DESCRIPTION OF THE TASK: Your task is to transcribe exactly, and only, the lines running from the one with "this 845×633 image." to the end of the listing below, inclusive, with every picture left out.

MATERIAL FOR THIS EXERCISE:
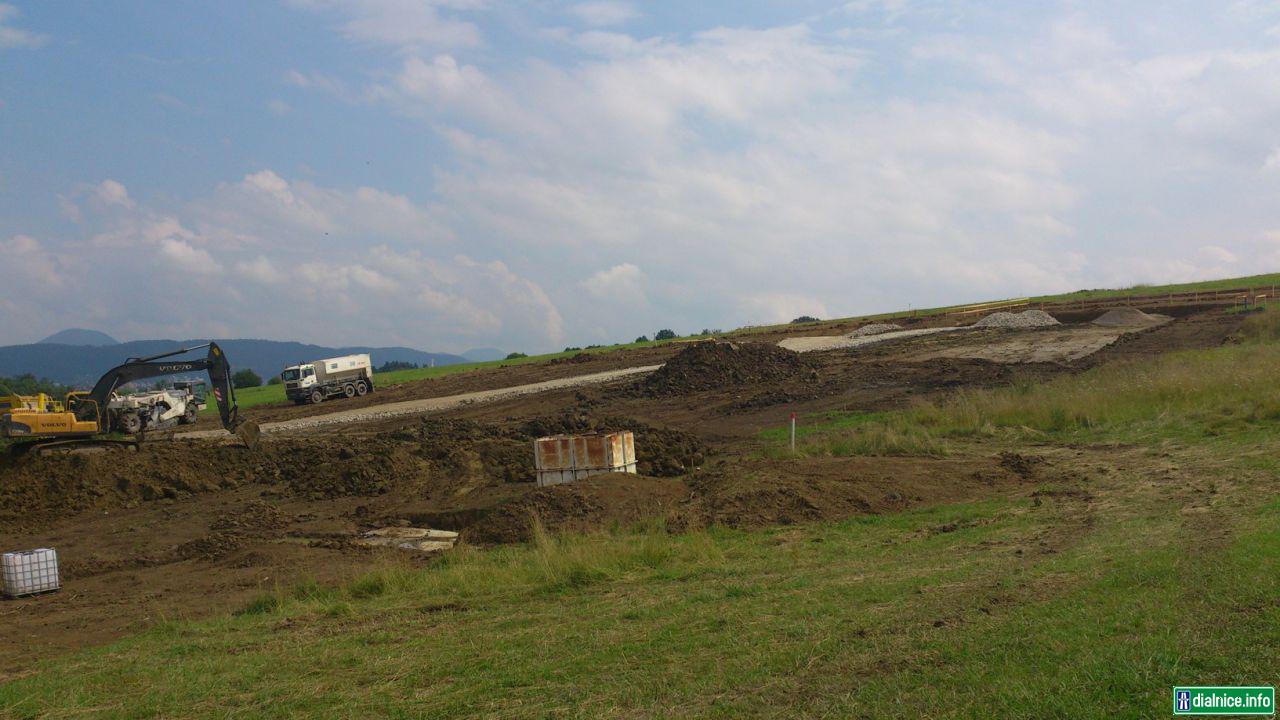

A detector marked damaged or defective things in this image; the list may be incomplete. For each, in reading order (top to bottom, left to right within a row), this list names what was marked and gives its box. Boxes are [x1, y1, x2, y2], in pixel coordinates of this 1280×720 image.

rusty metal container [532, 427, 637, 484]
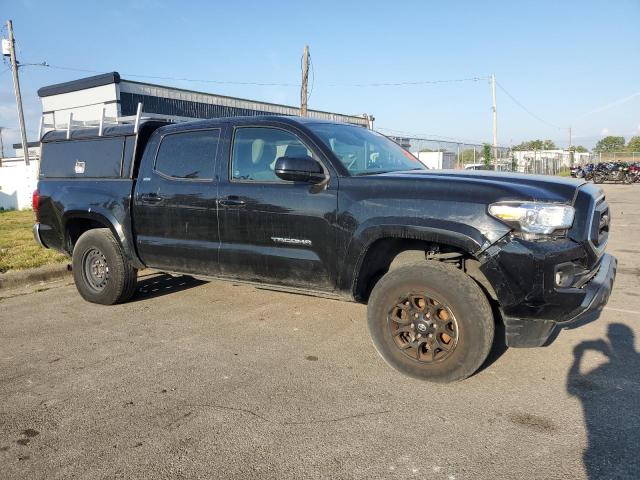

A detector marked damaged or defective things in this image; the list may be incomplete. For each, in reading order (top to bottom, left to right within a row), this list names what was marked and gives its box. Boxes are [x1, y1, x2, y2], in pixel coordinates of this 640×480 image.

damaged front bumper [502, 253, 616, 346]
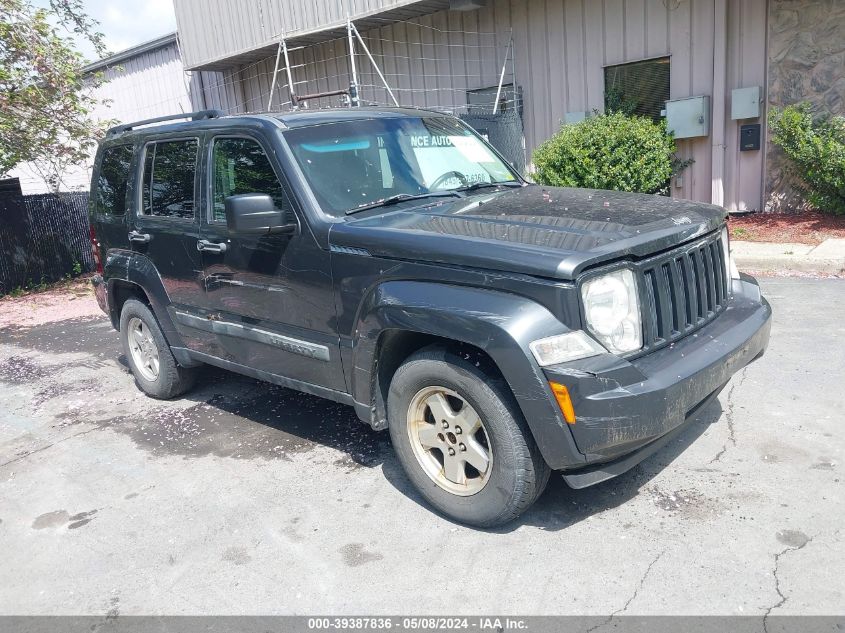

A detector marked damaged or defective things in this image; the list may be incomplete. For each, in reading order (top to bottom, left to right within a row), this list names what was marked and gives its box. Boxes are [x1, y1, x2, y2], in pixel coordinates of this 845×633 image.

cracked pavement [0, 278, 840, 616]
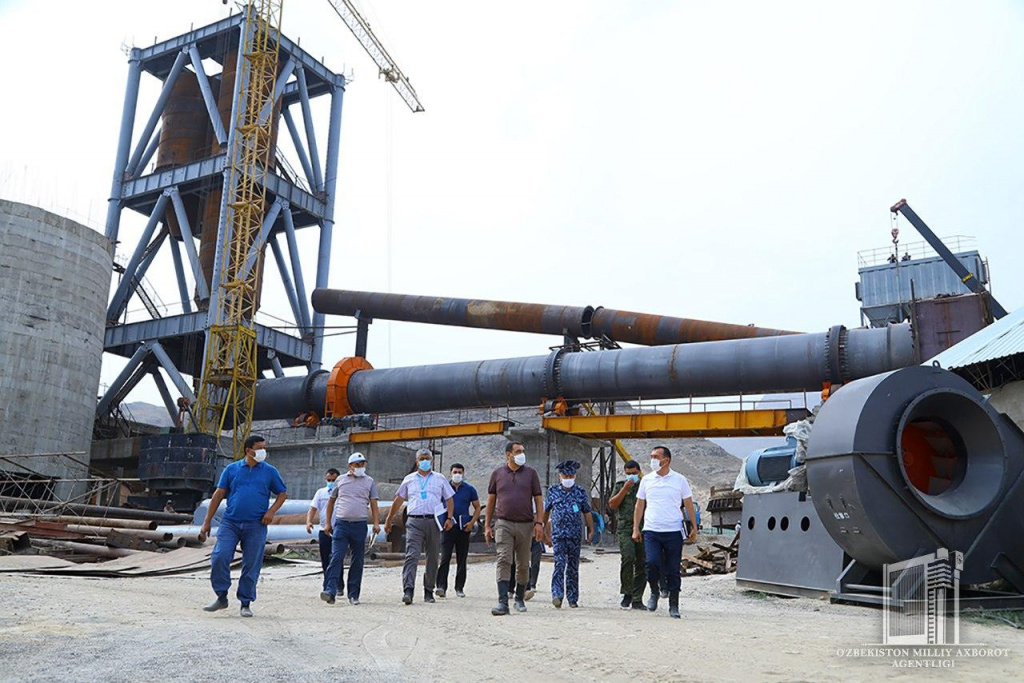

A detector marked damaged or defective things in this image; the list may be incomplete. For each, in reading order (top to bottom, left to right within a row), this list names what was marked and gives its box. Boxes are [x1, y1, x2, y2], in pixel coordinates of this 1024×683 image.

rusty metal cylinder [311, 288, 798, 344]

ANSWER TO THIS TASK:
A detector marked damaged or defective things in this image; the list may be incomplete. For each, in reading order (top to bottom, left to right within a row), this list names what was marked and gives its box. Boxes are [x1, y1, x2, y2], in pixel coordinates of this 845×633 image.

cracked pavement [0, 278, 840, 616]

A detector marked damaged or defective things in this image; the list may be incomplete. For each, in reading order (top to bottom, left to right within a row), this list names what was marked and gives its box. Boxes are [x1, y1, x2, y2], in pixel coordinates of this 1024×683 image.

rusty metal cylinder [311, 288, 798, 344]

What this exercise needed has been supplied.